In Brookman, the California Supreme Court determined that “nothing in the Bankruptcy Act, or the cases interpreting the act, prevents imposition of restitution as a condition of probation in an attorney disciplinary matter — even if the underlying subject of the restitution has previously been discharged in bankruptcy, and thus cannot be collected as a debt as such.” 46 Cal.3d at 1009, 251 Cal.Rptr. at 498, 760 P.2d at 1027. Although Brookman was required to make whole the State Bar Client Security Fund, not to pay a civil judgment, the reasoning remains the same. California required the restitution to protect the public from the attorney’s specific professional misconduct and to rehabilitate the attorney. The court said that the Bankruptcy Act did not preclude restitution that is ordered as a condition of probation in his disciplinary proceeding. The requirement of restitution was not imposed “solely because” of the unpaid debt discharged in bankruptcy, but as part of the rehabilitation process.

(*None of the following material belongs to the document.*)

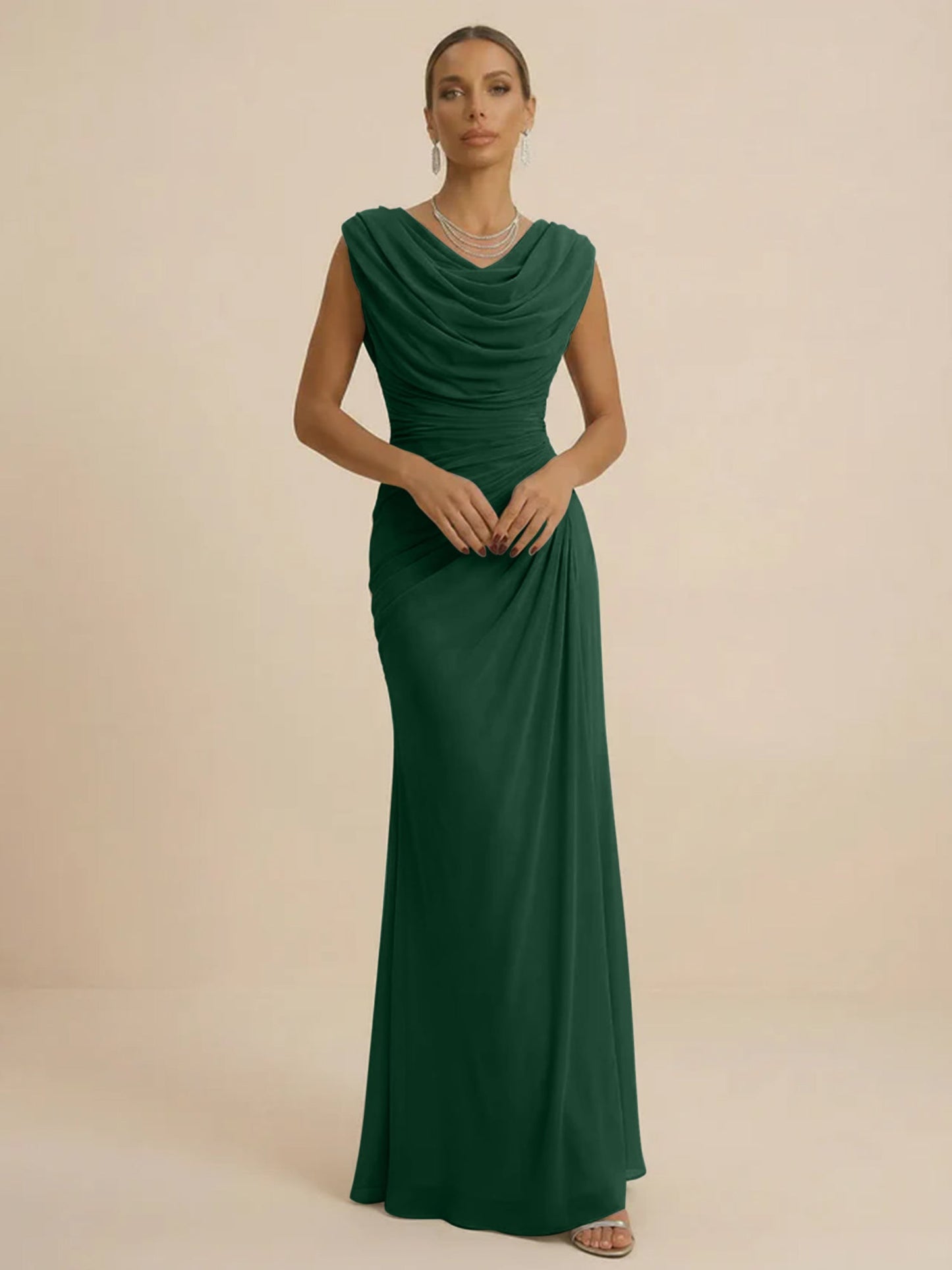 Mist | Draped Cowl Neck Ruched Chiffon Wedding Guest Dress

The Colorado Supreme Court also required restitution although the underlying debt had been discharged in bankruptcy. The court said that the primary reason for the restitution order is for the attorney to demonstrate his rehabilitation prior to reinstatement. People v. Sullivan, 802 P.2d 1091, 1096.

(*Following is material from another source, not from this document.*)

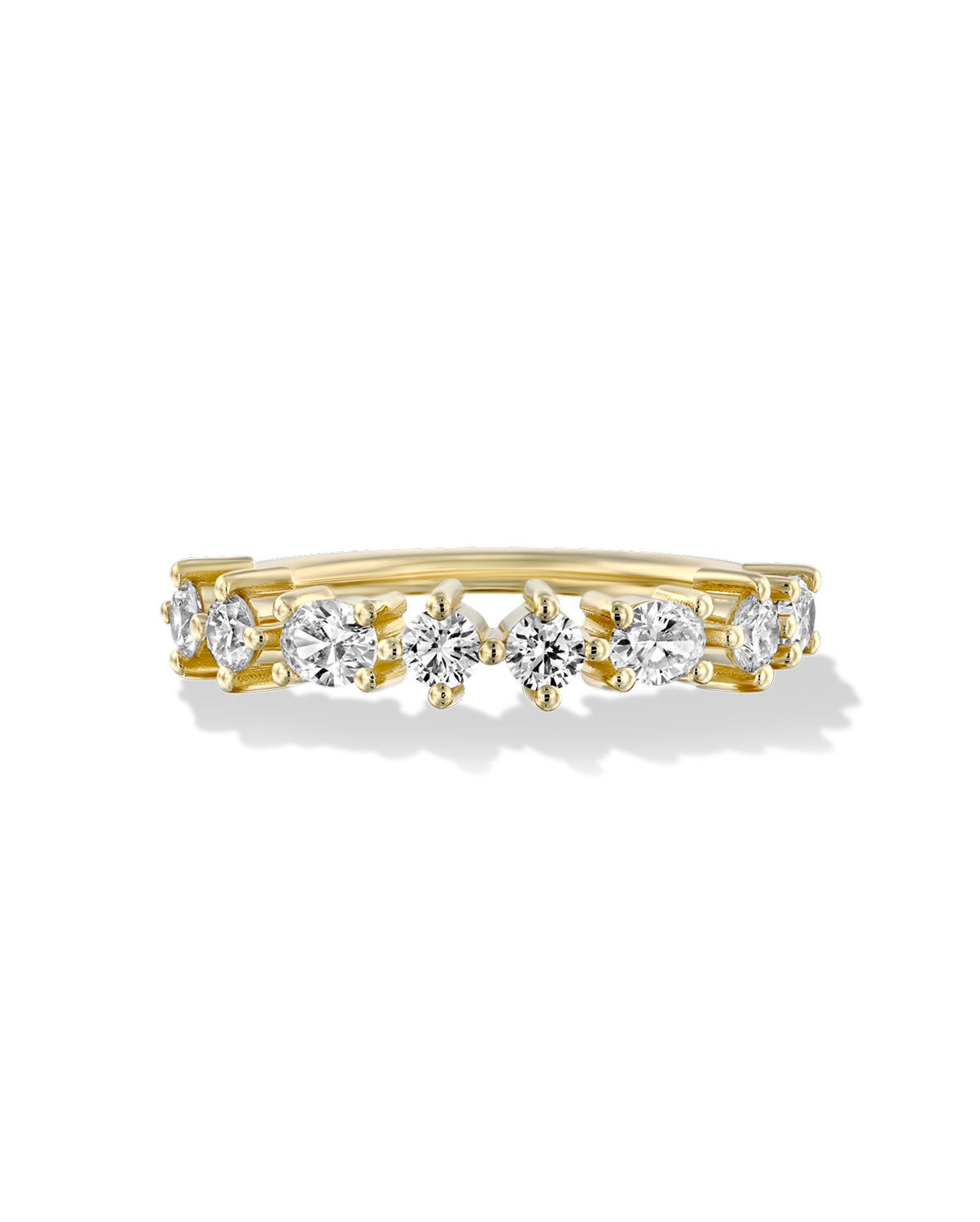 Queen E Gold Ring with White Diamonds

In this case, the default judgment existed at the time this court issued the order of restitution. I believe that full restitution was intended to be part of the petitioner’s rehabilitation before reinstatement to the practice of law. He has failed to make restitution. I do not believe that we are bound by this particular provision of the Bankruptcy Act under the circumstances of this case. At the time this court imposed the restitution order as a condition of reinstatement, the default judgment had not been discharged. We did not condition his reinstatement on repayment of a debt already discharged. Denial of his reinstatement is not based solely on his failure to pay a debt discharged in bankruptcy. I do not think that we should condone the petitioner’s use of the Bankruptcy Act to avoid his professional obligations and responsibilities.

Therefore, for the foregoing reasons, I respectfully dissent.

Buckley, King & Bluso and John A. Hallbauer, for relator. Michael Drain, for respondent.